Case Presentation: 62 year old woman with Type 2 Diabetes Mellitus and hypothyroidism presented with nausea, vomiting, persistent left sided headache radiating from neck to left eye, left eye pain with left eye and eyelid paralysis for 2 weeks. Patient was well appearing with obvious left eye ptosis and left eye ophthalmoplegia. Examination revealed left cranial nerve 3,4 and 6 palsy. Right eye findings, pupillary reflexes, and the remainder of her neurologic exam were normal. Dilated eye exam was negative for intra-ocular disease and optic nerves appeared healthy. Basic chemistry was unremarkable. MRI brain and orbits were notable for non-specific hyper-intensities of bilateral cerebral white matter and left extra-conal muscles. MRA head and neck to evaluate for vasculitis and serum B12, HIV, and RPR were negative. Lumbar puncture showed normal cell count, protein and glucose and negative VDRL, HSV, VZV and WNV antibodies. Of note, patient had a prior episode of right sided Bell’s palsy 30 years prior and right sided ophthalmoplegia seven years prior with associated headache that resolved spontaneously. Right temporal artery biopsy at that time was negative. She was started on empiric glucocorticoids and ptosis, ophthalmoplegia and headache improved quickly. A final diagnosis of recurrent painful ophthalmologic neuropathy(RPON) was made.

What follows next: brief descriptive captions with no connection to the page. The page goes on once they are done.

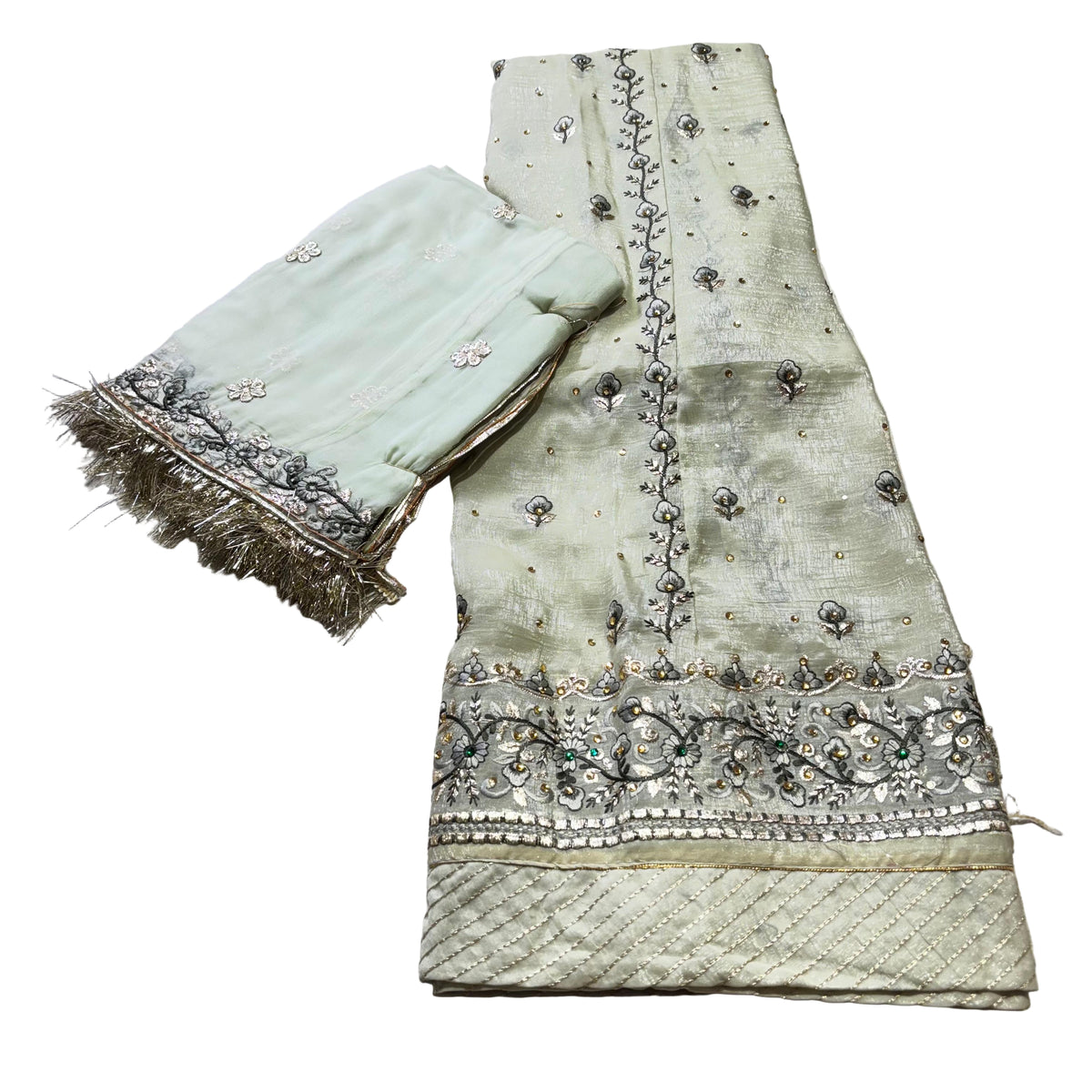 Light green embroidered fabric with decorative patterns on a light gray background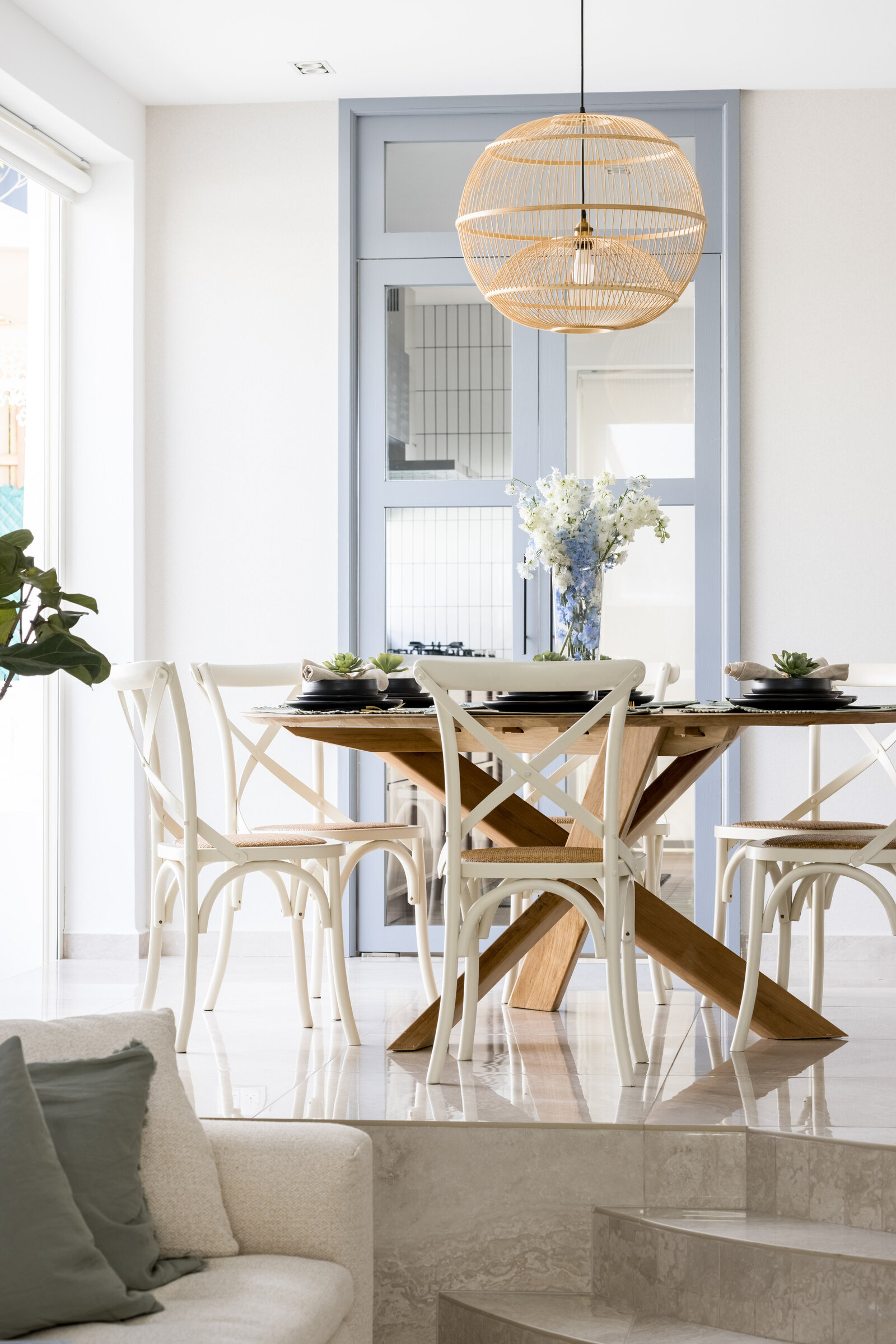 circular dining table with wooden chairs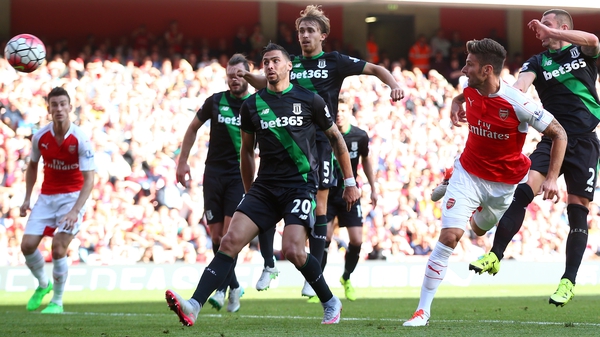 Olivier Giroud (right) heads home Arsenal's second late on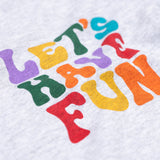 A close up of the text on the front of the Frugi Adventure Organic Cotton Printed Kids' grey Top.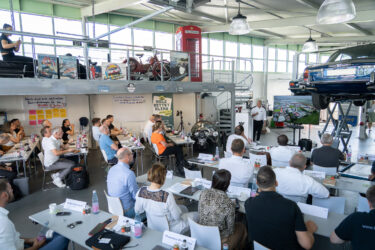 Ein Mann hält einen Vortrag über Restholzmanagement, er steht in Mitten von alten Oldtimer der WEIMA Garage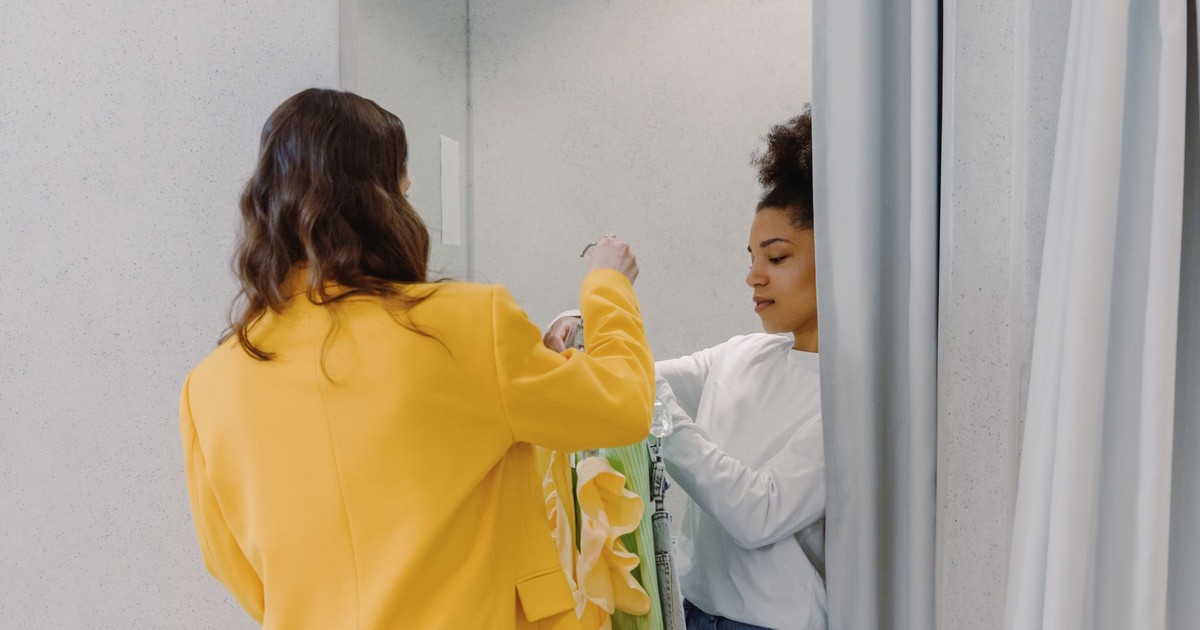 A personal stylist helps a client with clothing choices in a fitting room, focusing on fashion styling.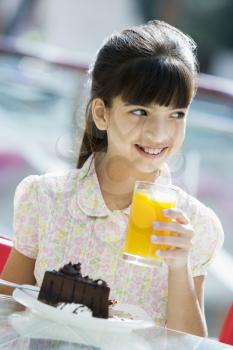 Royalty Free Photo of a Girl Having Juice and Cake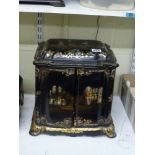 An impressive Victorian inlaid and painted papier-mache cabinet with workbox beneath the hinged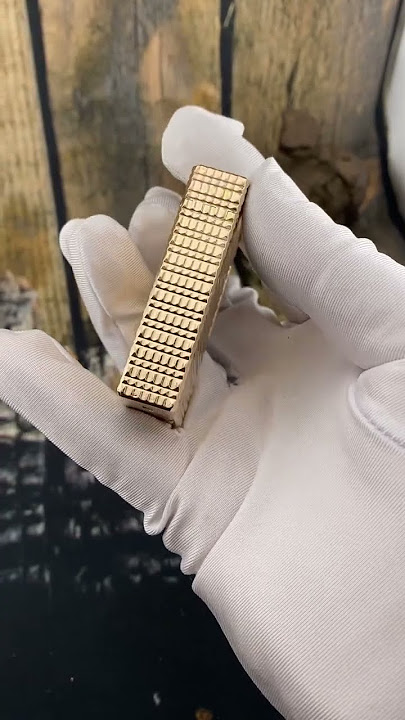 S.T Dupont one hole high form, gold diamond pattern warranty.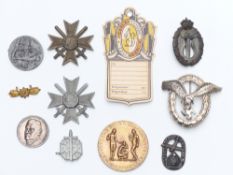 A quantity of WWII German badges and medallions and a possibly post-war pilot's badge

Discussion: This case provides insight into the work-up and approach to a hospitalized patient presenting with headache and unilateral ophthalmoplegia. It is important to rule out urgent intracranial and intraorbital etiologies such as an intracranial space occupying lesion or lesion affecting the cranial/ optic nerves. These were ruled out with brain imaging and dilated eye exam. We then considered infectious or inflammatory causes like RPON, Miller Fischer syndrome, Tolusa Hunt syndrome, multiple sclerosis, vasculitis, or HSV. Imaging did not meet criteria for multiple sclerosis, and her CSF with HSV PCR was negative. Tolusa Hunt syndrome was a close differential however she had no inflammation of the cavernous sinus on MRI and the disease is almost always unilateral. RPON was deemed the more likely diagnosis given her history of an identical prior episode. RPON formerly called ophthalmologic migraine, is characterized by recurrent painful neuropathy often associated with migraine headache on the ipsilateral side. The etiology may be related to inflammation, demyelination, or vasospasm in the setting of a migraine. Glucocorticoids are often used as treatment, although this is controversial and not well studied.
Conclusions: Our case highlights 1) the broad differential and necessity to perform an extensive work up for patient’s with new cranial nerve palsies, focusing on initially ruling out acute orbital or intracranial pathology. 2) The importance of evaluating for infectious causes prior to starting glucocorticoid therapy.